EL GATO NEGRO AND THE NORTH
In a faded yellow green
Made alive a worldly wonder
Often told but never seen
A brief but very pleasant visit to the North last weekend to visit my friends Bapi and Rosie and their son in the town of Sowerby Bridge. The town lies to the West of Leeds on the way to Manchester. It’s all dark satanic mills in this part of the country, already or soon to be, converted into flats, restaurants etc. but by the time you’ve left Halifax you start seeing more of the rugged countryside of the Calder Valley. And very attractive it is too.
I had the luxury of being picked up from the station and whisked to El Gato Negro in Ripponden. A tapas restaurant in a small village in West Yorkshire ? Well why not especially if it’s as good as this one – a great place for relaxing, eating and drinking.
Service from Chris Williams and his FOH team was relaxed but very professional – the timing of everything was spot on. What I enjoyed most about the food was the freshness of the ingredients and the sympathetic and light hand in their preparation by Chef Simon Shaw. As a result everything is very clean tasting – none of the combinations jar. There’s a real generosity of spirit and love of food here.
I had to start with Jamon, it’s the First Law of Dos Hermanos. Silky slices of Jamon Iberico, the most expensive item on the men, were correctly cut wafer thin. They were also served a quantity that makes the amount you receive in London look very silly indeed. Similarly, the Pimientos de Padron, blistered and with a generous sprinkling of rock salt, were not crazily overpriced.
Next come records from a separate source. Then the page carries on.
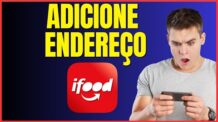 COMO ADICIONAR NOVO ENDEREÇO NO IFOOD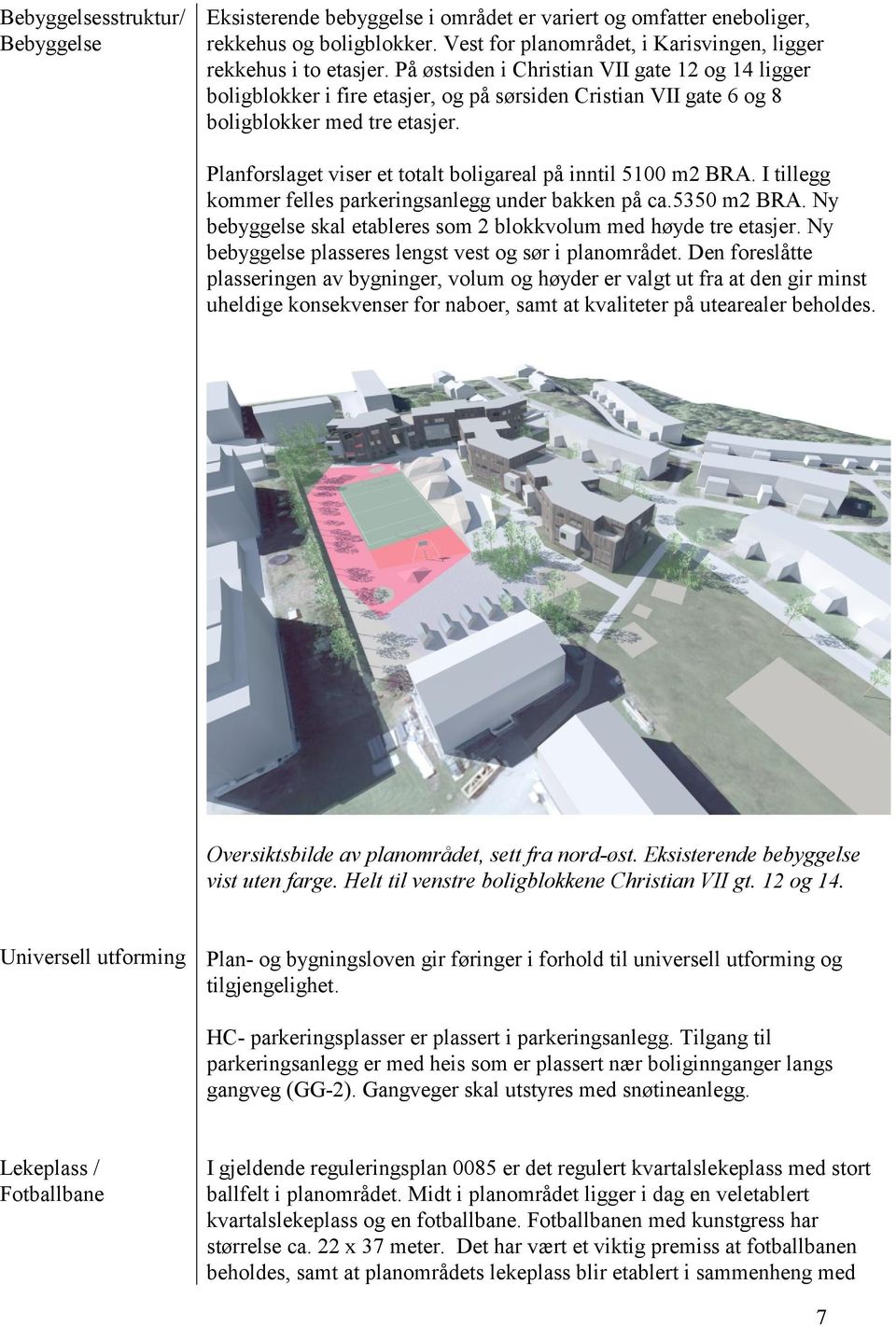 Planforslaget viser et totalt boligareal på inntil 5100 m2 BRA. I tillegg kommer felles parkeringsanlegg under bakken på ca.5350 m2 BRA.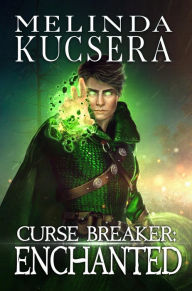 Title: Curse Breaker Enchanted, Author: Melinda Kucsera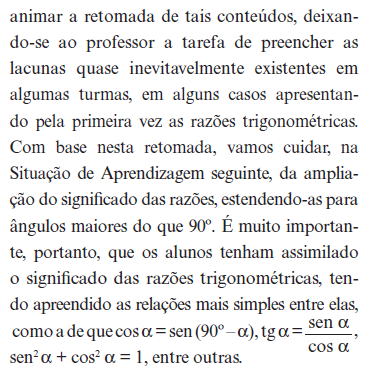 131 Figura 34 Atividades 5 e 6 e considerações sobre a avaliação. Situação de Aprendizagem 1. Fonte (SÃO PAULO, 2009, p. 20 e 21) 5.2.1.1 - Análise final da Situação de Aprendizagem 1 Para o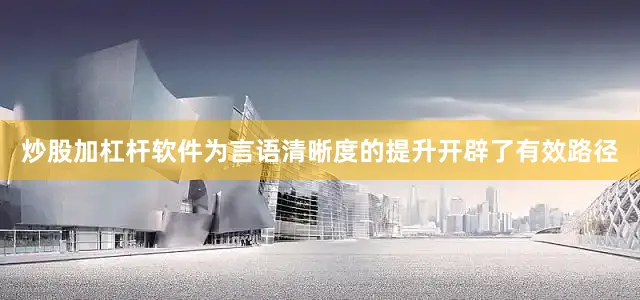 炒股加杠杆软件为言语清晰度的提升开辟了有效路径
And there was more. Little croquettas of mushroom and spinach were greaseless with creamy insides. Nicely seared chunks of Foie Gras were cleverly paired with little French Toasts and some caramelised slivers of Mango to contrast in taste and texture with the richness of the liver. Accurately cooked Monkfish came with sweet-tasting Clams and some Asturian Beans creating a mini-fabada..
I nicked some of the bairn’s tortilla (that’s right I took a child’s food to satisfy my own greediness – shameful I know) which had a little spice mixture added to give a taste of North Africa that reminded me of Moro when they were good (that’ll be about ten years ago then). Rabo de Toro was as good as I had in Cordoba a few months ago. The most ‘cheffy’ of the dishes but no less enjoyable were Scallops which sat on a little risotto and which were topped with a paprika foam.
The chef is obviously looking to develop the menu and is not afraid of trying different combinations. We were comped a new dish to try: Onglet with Patatas a lo Pobre. So we had what is essentially a popular French cut of Beef, grilled, rested then sliced and strewn with a little mess of potatoes and peppers. Onglet has a really deep beefy flavour and the combination worked very well.
At the end of the meal I was full but not bloated so I was a little disappointed that I didn’t order the Ice Cream made from Tim Taylors. Maybe next time.
The next few hours were an enjoyable blur as we had a little break then tried out a couple of pubs in the area. There was more food – of course there was – but this time cooked by Bapi and Rosie. A Lamb curry with spiced Potatoes after we got back from the pub, Devilled Kidneys with Fried Duck Egg (from the book of St Hugh of Whittingstall) for breakfast.
Afterwards, I managed a bracing walk which involved a hill (booo) but which ended at another pub (hurrah). In this neck of the woods that usually means a roaring fire, a glorious view and most importantly of all a well kept pint of the aforementioned Tim Taylors. It’s definitely not Grim Up North any more – blimey, I might even be persuaded to buy a place up here.